The S&S petition reads: “By choosing to publish Mike Pence, Simon & Schuster is generating wealth for a central figure of a presidency that unequivocally advocated for racism, sexism, homophobia, transphobia, anti-Blackness, xenophobia, misogyny, ableism, islamophobia, antisemitism, and violence. This is not a difference of opinions; this is legitimizing bigotry.”
It continues: “Long before his Vice Presidency, Mike Pence made a career out of discriminating against marginalized groups and denying resources to BIPOC [black, indigenous and people of colour] and LGBTQA+ [lesbian, gay, bi-sexual, transgender, queer and non-heterosexual] communities. From advocating for legalized discrimination against LGBTQ+people, to eroding the teaching of science in favour of Christian theology in public-funded schools, to ending energy efficiency programs, to pushing for guns to be in schools and cars, to taking away funding for and shutting down clinics treating HIV patients, to promoting conversion therapy, to denying bodily autonomy to pregnant people, to abandoning a nation in crisis as the coronavirus ran rampant and killed more than half a million Americans. Mike Pence has literal and figurative blood on his hands. We demand you cancel Mike Pence’s book deal.”
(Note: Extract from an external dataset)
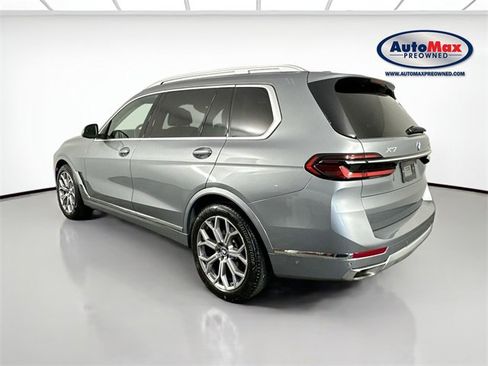 Used 2025 BMW X7 xDrive40i w/ Premium Package image 6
Although S&S has agreed not to distribute the Mattingly title, S&S staff are now calling for S&S to pull out of its distribution deal with Post Hill Press altogether. But as Nasher went to press, the publisher was refusing to shift on the Pence title.
S&S president and CEO Jonathan Karp sa: “As a publisher in this polarised era, we have experienced outrage from both sides of the political divide and from different constituencies and groups. But we come to work each day to publish, not cancel, which is the most extreme decision a publisher can make, and one that runs counter to the very core of our mission to publish a diversity of voices and perspectives. We will, therefore, proceed in our publishing agreement with vice-president Mike Pence.”